Although not explicitly stated, it is generally accepted that a central goal of SOX as well as every other industry, governmental, and regulatory compliance statute is the implementation of Least Privilege. The Principle of Least Privilege was developed more than 30 years ago by the United States Department of Defense (DoD). This principle "requires that each subject in a system be granted the most restrictive set of privileges…needed for the performance of authorized tasks. The application of this principle limits the damage that can result from accident, error, or unauthorized use."

By eliminating administrator privileges from your environment, you are moving that environment towards one that fulfills this principle's goals. You are at the same time going far towards fulfilling the requirements of regulations such as SOX.

Yet Least Privilege is more than simply eliminating administrator rights. Least Privilege can more broadly be described as the intersection of the user's role in the organization, the overarching corporate security policy of that organization, and the tasks that are available to be accomplished within the IT infrastructure. In effect, an environment that fulfills the requirements of Least Privilege will be very granularly capable of providing access to each person based on their needs.

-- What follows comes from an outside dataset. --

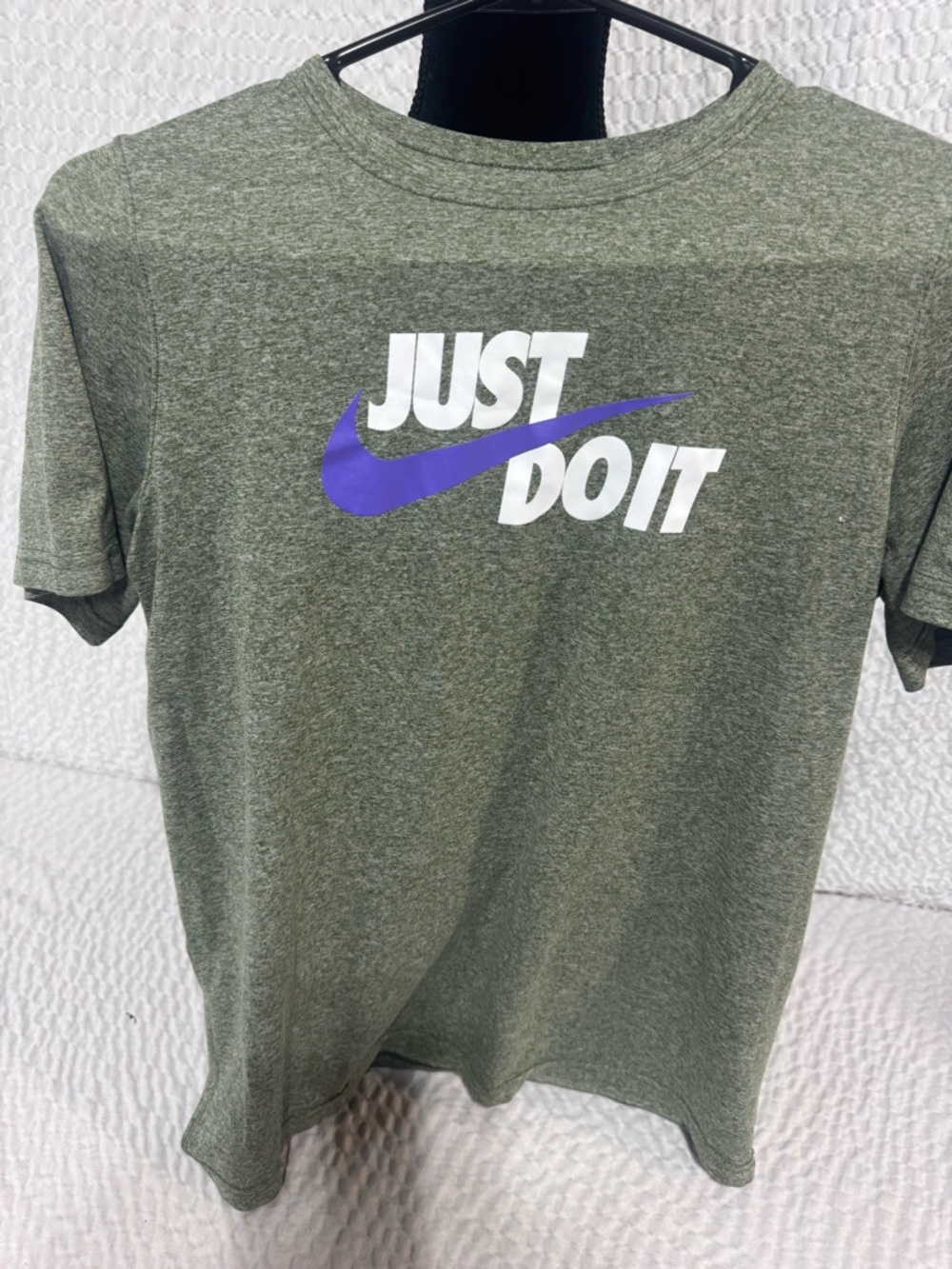 Nike Kids Green Tee with White "Just Do It" and Purple Swoosh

Figure 1: Least Privilege's elimination of administrator rights is really the combination of three factors.

Unfortunately, the Microsoft Windows OS alone does not natively provide the architecture to enable this granular control. Using the Microsoft Windows OS, it is possible to eliminate the privileges assigned to an individual. However, these person‐based privileges are far too coarse in their application. For example, with poorly‐coded applications, simply removing administrator rights from a user may actually prevent needed applications from functioning. Other system configuration changes, like connecting to a local printer, can also require administrative rights, making their removal a problem for the user.

Summary

Organizations that fall under the scope of SOX should consider the use of external solutions that extend the granularity of privileges assigned. Such tools enable privileges to be assigned to applications based on user roles, adding that necessary granularity while still fulfilling the requirements of governmental mandates. These tools also provide the right level of audit‐friendly logging that tracks user and administrator actions across systems, ensuring you meet your compliance regulations' requirements for activity tracking.